A Weber test determines whether an issue is conductive or sensorineural hearing loss in origin, and hence can help determine further investigations as required. Conductive hearing loss occurs when sound waves are not able to pass through the inner ear, such as when there is a blockage from earwax. This can be also caused by an infection, a punctured eardrum, and/or fluid in the middle ear. Sensorineural hearing loss occurs when auditory nerves or hair cells are damaged in the inner ear. This is also known as “nerve deafness,” and it is most commonly caused by the natural ageing process as well as exposure to loud noise for prolonged periods of time during earlier life.
Both tests are used to evaluate a patient’s hearing. Early identification allows patients to access definitive treatment or management strategies before problems progress to total hearing loss.
Tuning fork tests- Rinne’s and Weber’s:
Both Rinne’s and Weber’s test use a tuning fork to help differentiate conductive from sensorineural hearing loss. A Rinne test compares air- and bone-conduction hearing.
Rinne’s test: Rinne’s is a hearing test that uses tuning fork.
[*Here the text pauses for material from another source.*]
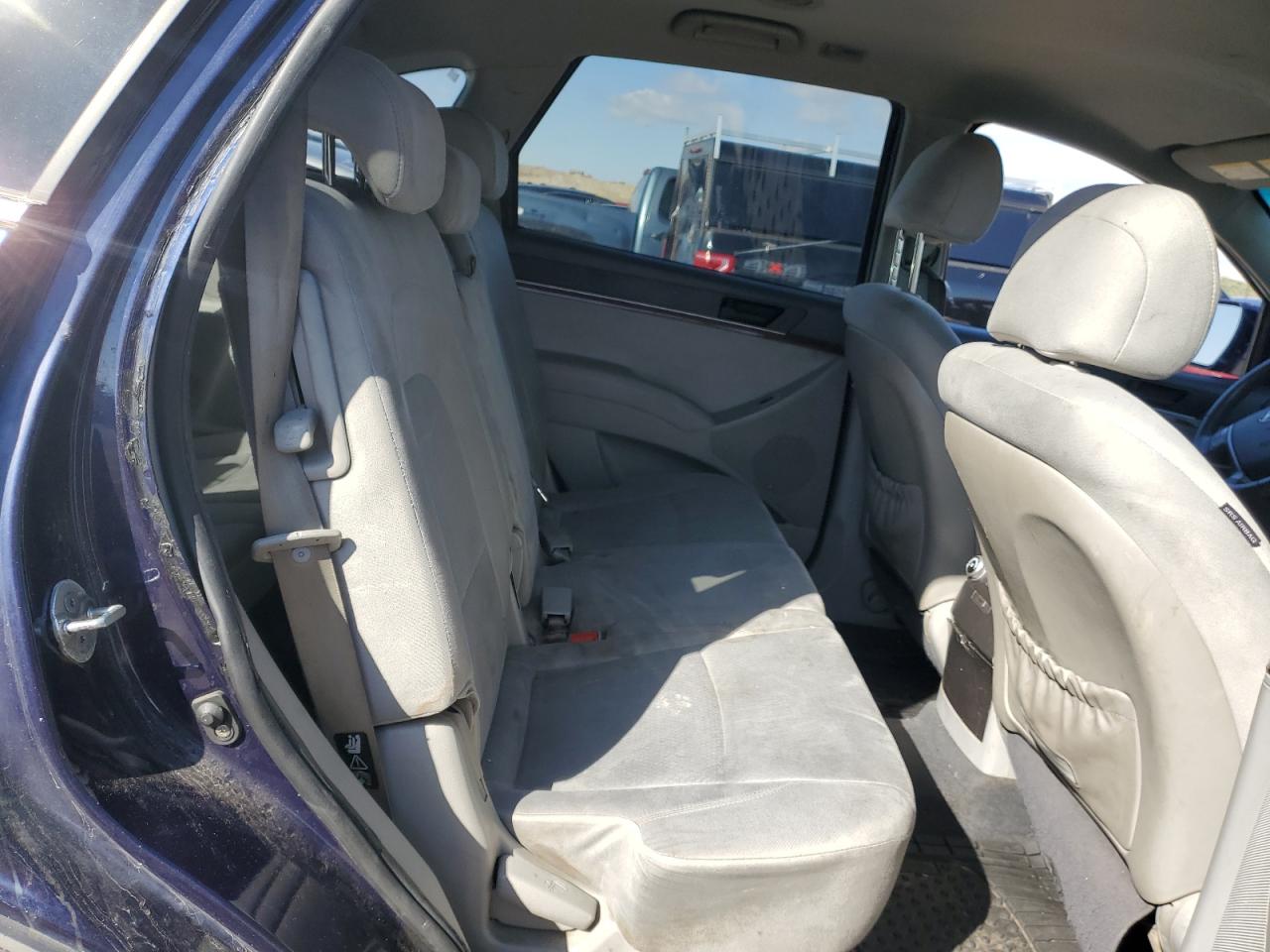 KM8NUDCC0BU162788 2011 Hyundai Veracruz Gls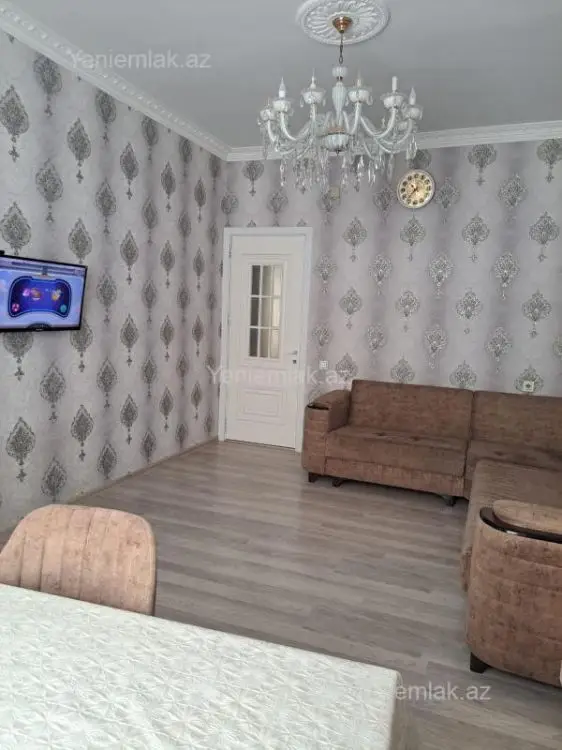 116 000 AZN - 2 otaqlı mənzil Satılır, Zığ qəs., Suraxanı, Bakı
Following steps are followed to evaluate the patient’s hearing: Hit the prongs of the tuning fork against a hard surface to make it vibrate. Place the vibrating prongs at the patient’s external auditory meatus; ask if they can hear it. Place the still-vibrating base on the mastoid process and ask whether it is louder in front of or behind the ear.
Abnormal findings: if the sound is louder at the ear canal, the test is positive and air conduction is better than bone conduction. If the sound is louder on the mastoid process, the test is negative; bone conduction is better than air conduction. Rinne’s test is negative in conductive deafness. An exception is when one ear has no hearing at all. The test may be negative because sound is conducted through the skull bones to “good” ear, which indicates that it’s a false negative Rinne’s test.
The Weber’s test is more sensitive than Rinne’s test in unilateral conductive deafness.
Weber’s test: Following are the steps followed in a Weber’s test to evaluate hearing: Hit the prongs of the fork against a hard surface to make it vibrate. Place the base of the vibrating tuning fork on top of the patient’s head or in the middle of the forehead. Ask the patient where they hear the sound; normally this is in the middle or equally in both ears. Note to which side Weber’s test lateralizes.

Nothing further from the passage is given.